There was no sign of Sam Darnold as the New York Jets opened training camp in New Jersey.
The No. 3 overall draft pick from USC officially became a contract holdout when the team began its first practice of the summer Friday without its prized rookie quarterback.
“He’s not here,” coach Todd Bowles said, “so I’m coaching the other  guys.”
Under the NFL’s labor agreement, contract holdouts by rookies are uncommon because deals are slotted based on draft position. Darnold will receive a four-year, fully guaranteed contract worth $30.247 million, including a $20-million signing bonus.
The dispute seems to hang on contract language. If a player is cut during his rookie contract, offset language provides the team with financial protection. Not having offset language allows a player to receive his salary from the team that cut him, as well as get paid by another team that signs him.
Offset language is common in rookie deals.
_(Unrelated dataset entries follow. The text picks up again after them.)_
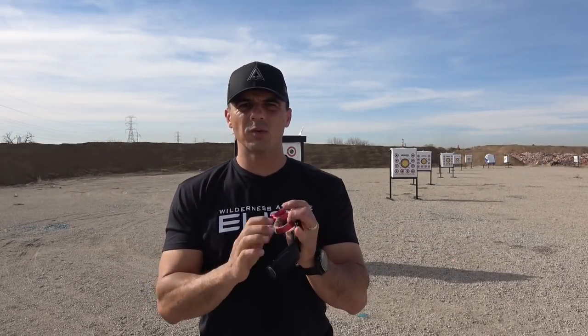Don't set it so stiff that you're pulling off your anchor point. You want to set it somewhere in the middle — not so light that you can't put your finger on the trigger, but not so stiff that you're coming off your anchor point. That's tip number one.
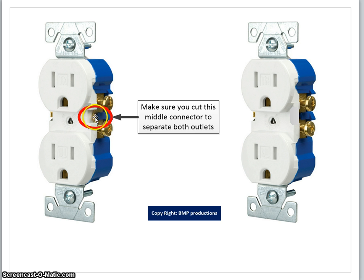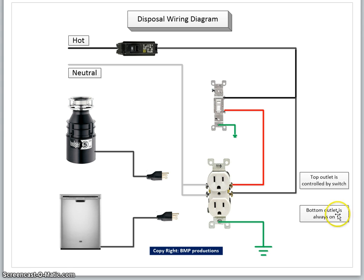Once you cut it, it looks something like this. The top outlet, as mentioned earlier, will be controlled by the switch, and the bottom outlet will be always on.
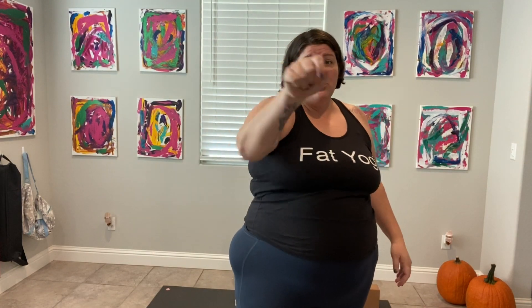Hey, friends. My name is Tiffany, and I am a fat yoga instructor trying to make yoga more accessible to everybody. Make sure you subscribe and hit that notification bell because you don't want to miss anything. Every single day I post a yoga video. I have a Halloween rockin' yoga class coming up October 30th. Grab your chair and let's get started.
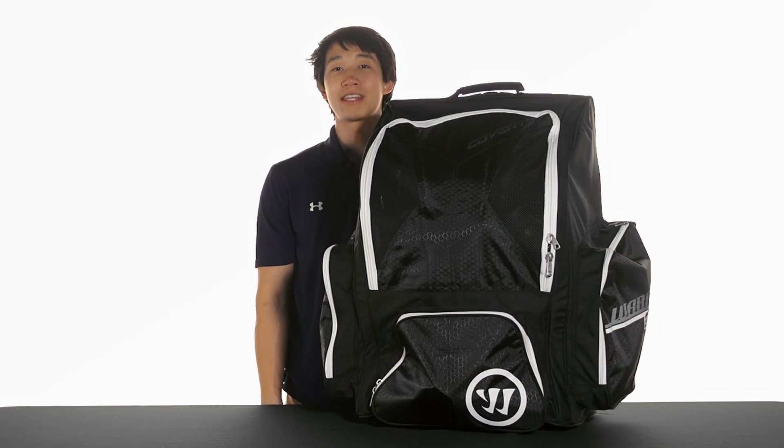For even more information about the Warrior Covert QR Wheeled Hockey Bag, make sure you check it out at InlineAndIceWarehouse.com.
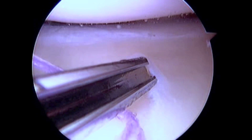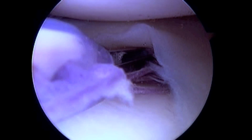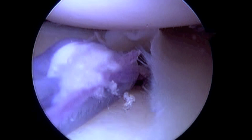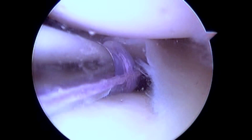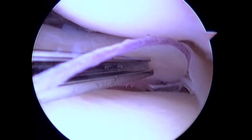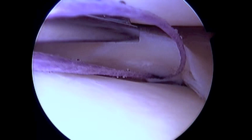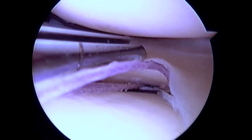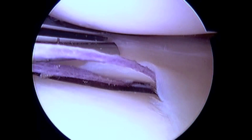As demonstrated here, I prefer to use an all-inside meniscal repair system with a low profile needle and two preloaded peak backstop anchors. During placement of the peak backstop anchors, great care is taken to only penetrate the menisco capsular structures. It is essential to avoid overpenetration and possible injury to the neurovascular structures in the posterior and lateral aspects of the knee.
Both Baker Mayfield, the No. 1 overall pick by Cleveland, and Josh Allen, seventh overall by Buffalo — the quarterbacks drafted before and after Darnold — have offsets in their contracts.
Lee: I’m no snake
Dallas Cowboys linebacker Sean Lee fired back at free-agent receiver Dez Bryant after his former teammate called him a “snake” on Twitter while suggesting Lee played a role in the club’s decision to release its career leader in touchdown catches.
“First thing, to say that I can get anybody off the team and have any input on a roster is absurd,” Lee said. “The second thing, I love Dez and I want the best for him.”